I've been trying to give Farrah (yay!) good advice as she works on her novel in progress and find myself through lack of practice with fiction no longer acclimated to the basics, such as narration. It's amazing in a way that after a few hundred years of writing these things we just accept the feeling of this person writing with an "I" in which there is simply no context. I feel the same way when I turn on network television after a long time away, or right now as I wander by the propagandistic ad posters glued all over Manhattan: what a completely radical, noisy, totally artificial landscape to feel normal around. Astonishing what you don't even notice yourself getting used to. So I open a book and keep thinking, why are you telling me this. (Italics can be distributed as preferred.) Of course it's taken weblogs about ten minutes to normalize the converse relation of private/public journal. But obviously the mixture of voice and tense in fiction makes the problem all the more glaring--who are you and when did we get intimate, like waking into a marriage of amnesiacs, or at least one drunken one night stand...

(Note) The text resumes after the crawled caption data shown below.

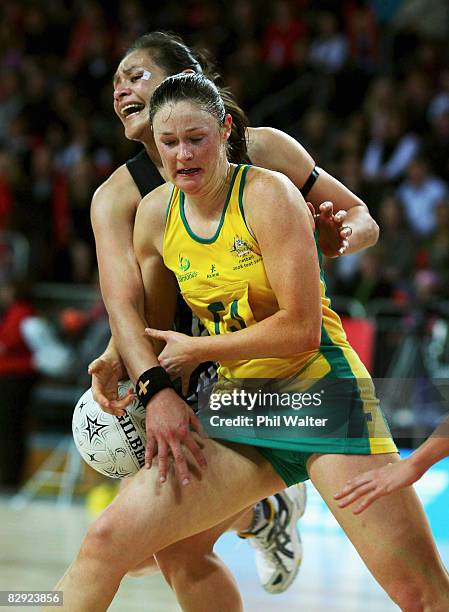 Susan Pratley of the Diamonds and Sheryl Scanlan of the Silver Ferns compete for the ball during game two of the New World Series match between the...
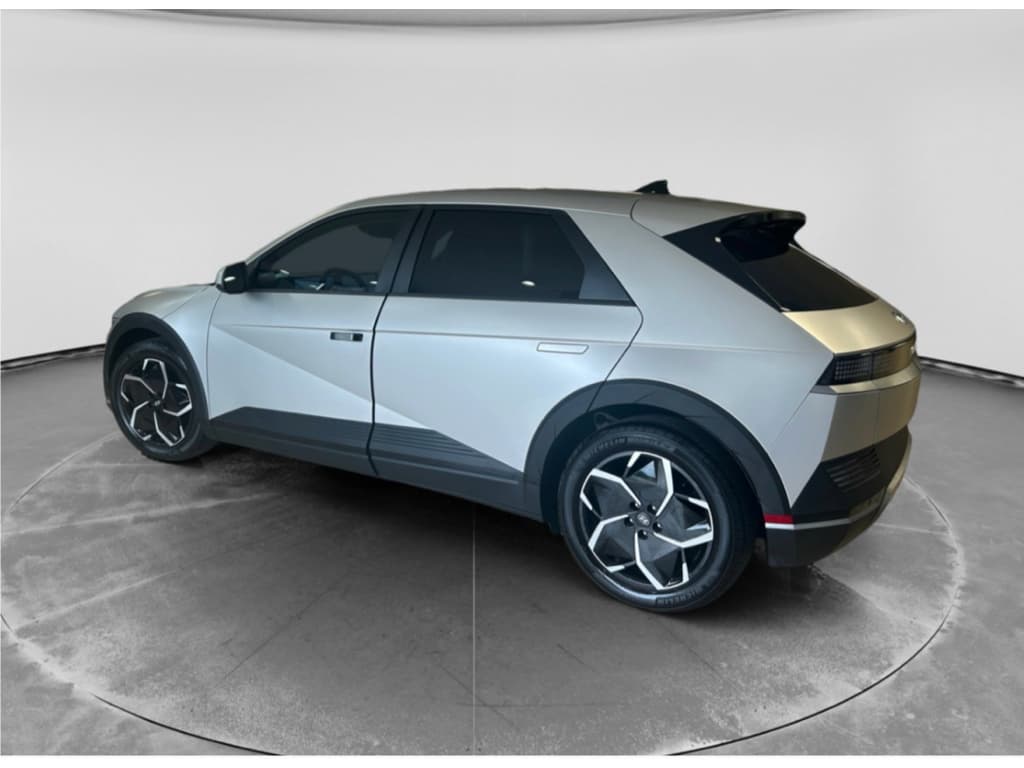 2024 Hyundai IONIQ 5 view 2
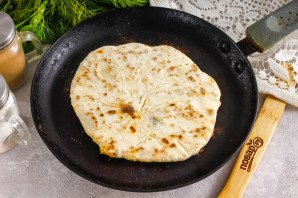 Лепешки с брынзой и зеленью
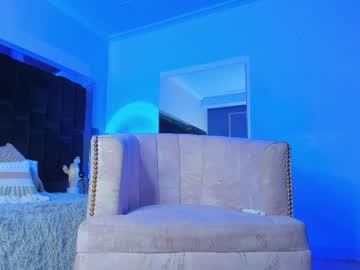 See Zoevidal_ online Now @ roxpoxy.com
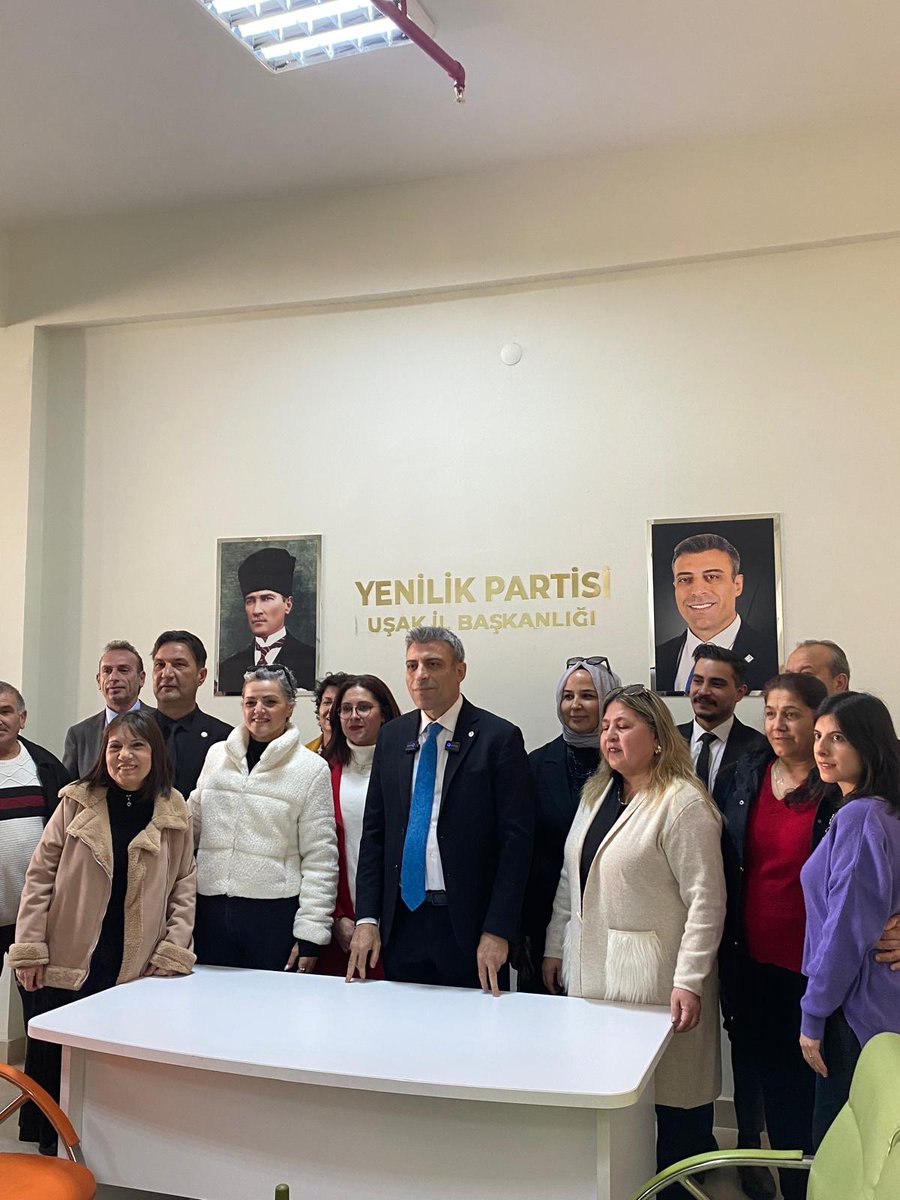 ozturkyilmazYP's tweet photo. Uşak İlimizi  bugün açtık. İl Başkanımız Hilal hanım ve ekibi güler yüzle ve konukseverlikle sizleri ağırlamaktan memnuniyet duyacaktır. Halk ile ve halk için! https://t.co/UjlSm0Ibp4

I was reminded of this issue today browsing books in the Barnes and Nobles on Lexington at 86th st. (which boasts a surprisingly decent poetry section and should not be confused with the branch on 86th st east of Lexington, which doesn't) and getting sucked into Dorothea Lasky's Awe. It caught my eye because I had just been looking at H-NGM-N's web site yesterday and read about the flipbook-chapbook they made out of poems of hers and my Columbia mate Sam Amadon's. In any case, Awe was a fun discovery for the day and absolutely demonstrates the very unexplored weirdness of talk as a formal device. Lasky sometimes uses tiny emphatic Q and A intrusions into a smear of directed thoughts that suggest arrows shot off at funny angles and bouncing round to smack the archer. Let me answer my own questions, in other words, and with exclamation points. It might be a little slapstick but, you know, "poetic slapstick," as Pauline Kael said, and thus disarming and windowlike. I don't see tricks here so much as personality--there's a fair amount of the word God in the book (goes with Awe, perhaps) deployed I think as a placeholder for why anyone would tell anyone anything. Because, maybe, they already know? Funny, given my instant thought of Q and A in the bookstore that when I googled her name just now I came up with the above video of her literally being interviewed.
The other book I've been reading lately is Joanne Kyger's selected poems As Ever. I loved her poem "Carl Jung Greeted" in Stephanie Young's aforementioned Bay Poetics, which seriously ranges--psychology, politics, the cosmos--to capture a very accurate portrait it seemed to me of how it feels to feel these days. I found it fascinatingly hard to locate a copy of the book, despite its being published by Penguin--no copies for instance anywhere in Boston, so far as I could tell. Strange because it illustrates elegantly what can grow over decades in an Olsonian open field and it seems to me people that people would like that. I like this: "There was a long time in silence. For myself I can tell you that certain things give me limited pleasure for short stretches of time / but I do not know where to put them."
She can tell me, and I can tell you.